#### [Aim of the exercise]
Below are some records; repeat them all exactly, minus the pictures.

#### [The data]
= Beginning of Section =

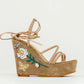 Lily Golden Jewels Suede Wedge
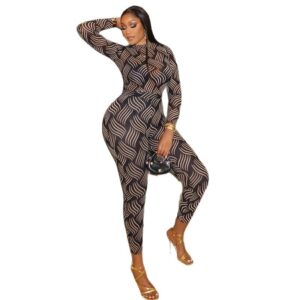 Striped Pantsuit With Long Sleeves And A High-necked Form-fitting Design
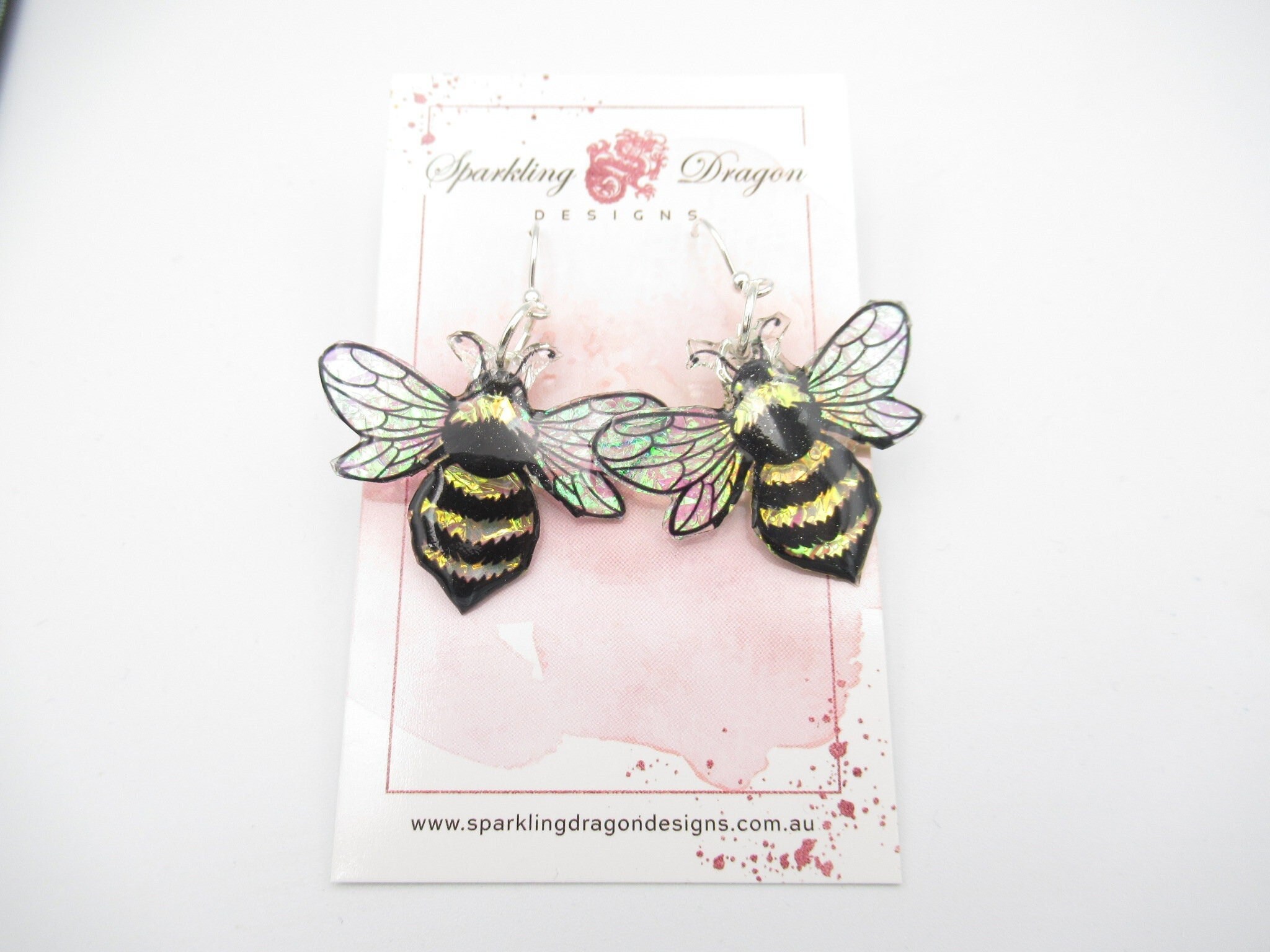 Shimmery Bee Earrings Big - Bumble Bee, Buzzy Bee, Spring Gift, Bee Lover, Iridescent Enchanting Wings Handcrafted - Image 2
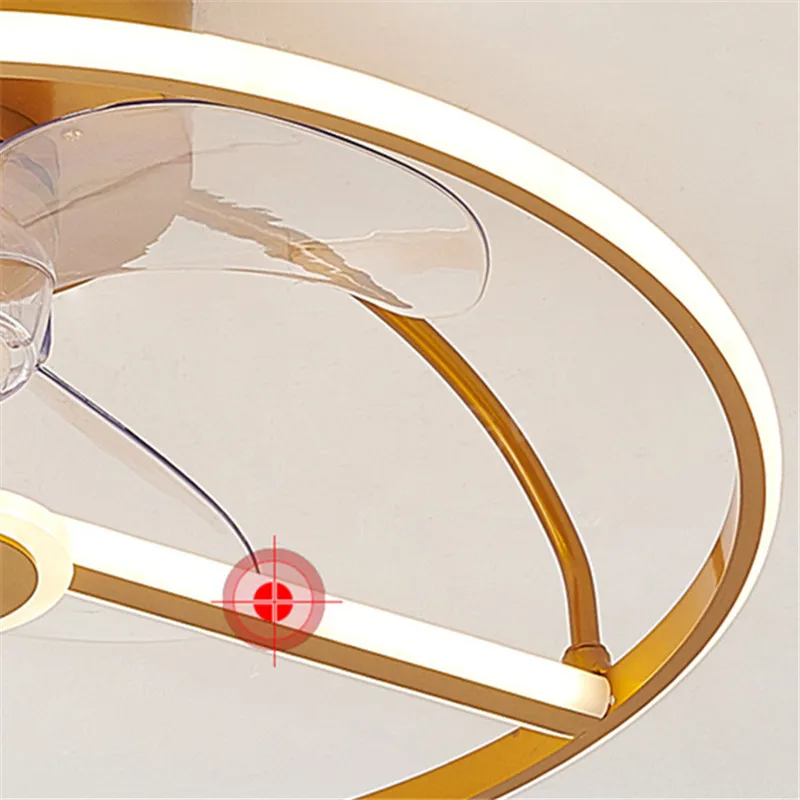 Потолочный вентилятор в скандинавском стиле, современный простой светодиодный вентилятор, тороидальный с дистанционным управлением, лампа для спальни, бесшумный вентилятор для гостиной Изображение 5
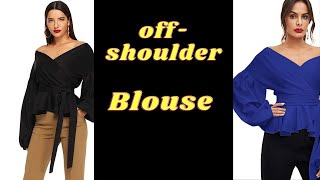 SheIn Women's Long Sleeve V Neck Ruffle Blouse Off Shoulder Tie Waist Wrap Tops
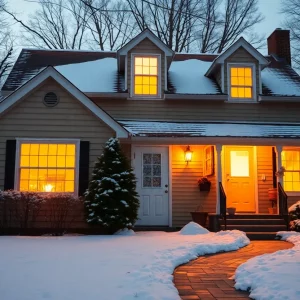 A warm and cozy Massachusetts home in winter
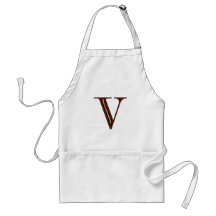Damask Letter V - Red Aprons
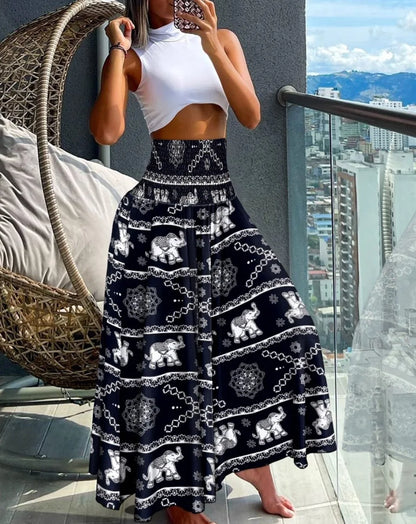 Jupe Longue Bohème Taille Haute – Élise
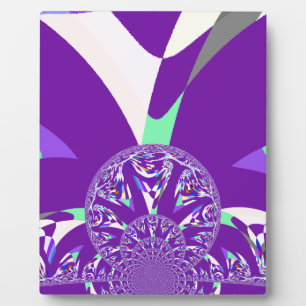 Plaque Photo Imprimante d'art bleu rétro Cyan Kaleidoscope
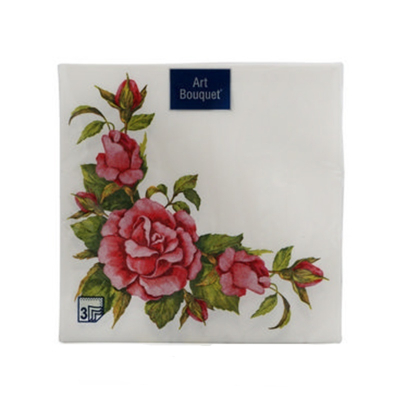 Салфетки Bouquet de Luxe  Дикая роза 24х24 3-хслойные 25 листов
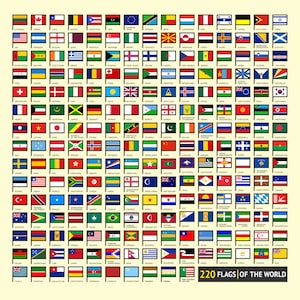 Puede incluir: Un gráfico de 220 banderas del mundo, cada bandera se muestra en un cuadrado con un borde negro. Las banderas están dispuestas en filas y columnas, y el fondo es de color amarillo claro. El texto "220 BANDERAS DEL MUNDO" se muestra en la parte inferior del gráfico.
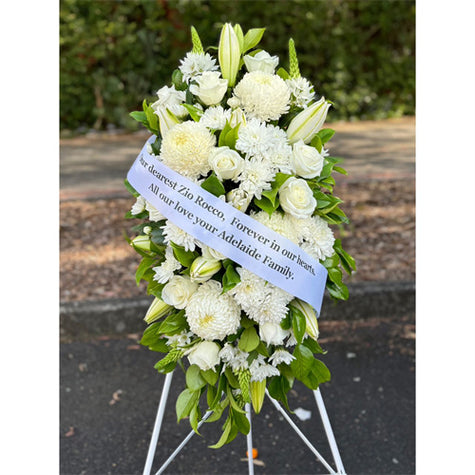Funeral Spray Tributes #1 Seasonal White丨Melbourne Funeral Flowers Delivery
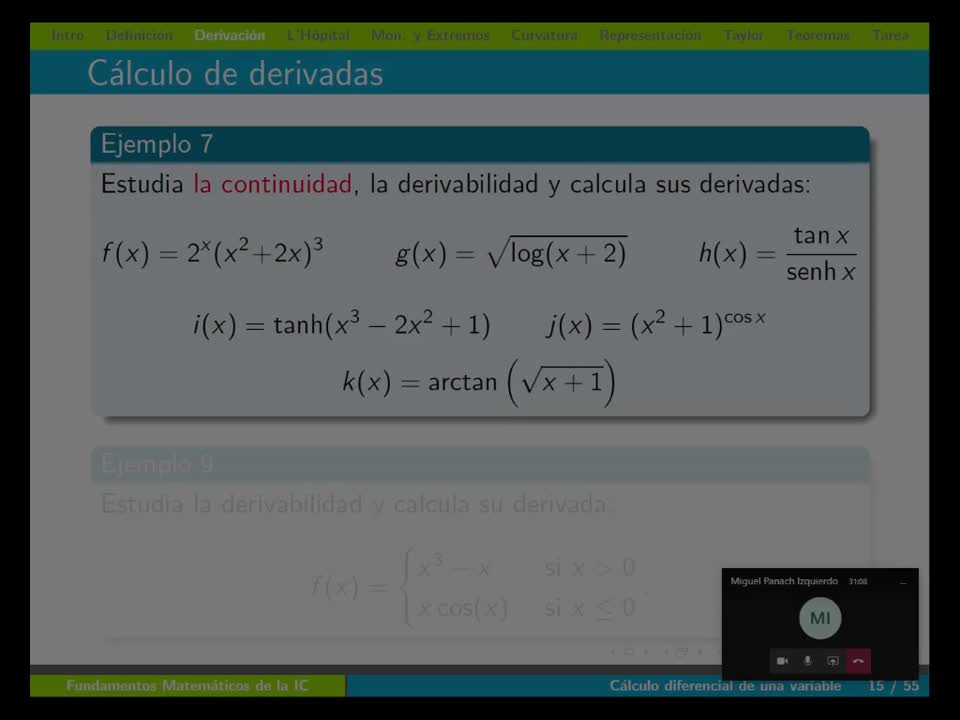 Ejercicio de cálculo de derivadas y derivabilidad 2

= End of Section =

#### [Result]
 Lily Golden Jewels Suede Wedge
 Striped Pantsuit With Long Sleeves And A High-necked Form-fitting Design
 Shimmery Bee Earrings Big - Bumble Bee, Buzzy Bee, Spring Gift, Bee Lover, Iridescent Enchanting Wings Handcrafted - Image 2
 Потолочный вентилятор в скандинавском стиле, современный простой светодиодный вентилятор, тороидальный с дистанционным управлением, лампа для спальни, бесшумный вентилятор для гостиной Изображение 5
 SheIn Women's Long Sleeve V Neck Ruffle Blouse Off Shoulder Tie Waist Wrap Tops
 A warm and cozy Massachusetts home in winter
Damask Letter V - Red Aprons
 Jupe Longue Bohème Taille Haute – Élise
 Plaque Photo Imprimante d'art bleu rétro Cyan Kaleidoscope
 Салфетки Bouquet de Luxe  Дикая роза 24х24 3-хслойные 25 листов
 Puede incluir: Un gráfico de 220 banderas del mundo, cada bandera se muestra en un cuadrado con un borde negro. Las banderas están dispuestas en filas y columnas, y el fondo es de color amarillo claro. El texto "220 BANDERAS DEL MUNDO" se muestra en la parte inferior del gráfico.
Funeral Spray Tributes #1 Seasonal White丨Melbourne Funeral Flowers Delivery
 Ejercicio de cálculo de derivadas y derivabilidad 2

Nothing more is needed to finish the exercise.